The attackers’ superior hashing power lets them mine their private chain faster than the legitimate network. They reconnect to the network once their chain becomes longer than the legitimate blockchain. The nodes then accept the longest chain automatically and discard the shorter one along with its legitimate transactions.
Networks use several defense mechanisms to protect against these attacks. Checkpointing creates fixed reference points in the blockchain history that remain unchanged even when attackers control most of the network. This works well to prevent long-range attacks on blockchain history.
Proof-of-Stake consensus mechanisms protect networks better than Proof-of-Work. Attackers need to own 51% of staked tokens instead of computing power. The system also punishes malicious validators through “slashing conditions”, where they lose their staked tokens.

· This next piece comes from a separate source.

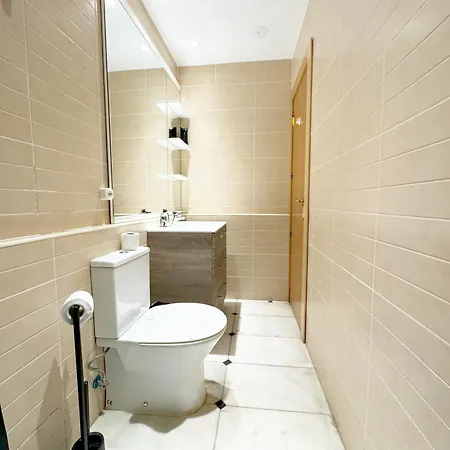 Apartment Luminoso, Muy Amplio, Buena Zona Madrid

Chain reorganization limits attackers from changing older blocks. Bitcoin uses strict block finality rules that make transactions harder to modify as blocks stack up.
Networks also use delayed transaction confirmation as a defense. This makes attackers maintain control longer and drives up attack costs.
Small blockchains can add protection by implementing chain crosslinks to larger, more secure networks. They record their block’s hash onto bigger chains like Bitcoin. This forces attackers to break both networks at once.
Hybrid consensus mechanisms combine different systems’ strengths to add security layers. These systems mix economic incentives with technical safeguards. This makes attacks too expensive while keeping the network secure.
Conclusion
51% attacks pose one of the most important threats to blockchain networks, especially when you have smaller cryptocurrencies with limited hash rates. Bitcoin’s massive network makes these attacks nearly impossible. However, many smaller chains have faced heavy losses. The $18 million Bitcoin Gold theft and multiple Ethereum Classic breaches stand as prime examples.
Network size and proper security measures play a crucial role in preventing such attacks. Modern blockchain projects have implemented multiple protection layers. These include checkpointing, chain reorganization limits, and hybrid consensus mechanisms. Proof-of-stake systems offer promising solutions through economic deterrents and slashing conditions.
Blockchain security’s development reveals a clear pattern. Large networks with strong economic incentives stay safer naturally. Smaller chains need extra protective measures to survive. This security gap explains why major cryptocurrencies like Bitcoin operate without successful attacks, despite countless attempts over the years.
Blockchain technology and its security measures continue to advance steadily. Technical safeguards combined with economic deterrents make successful 51% attacks harder to execute. Yet alertness remains vital – this holds true for emerging networks and smaller cryptocurrencies.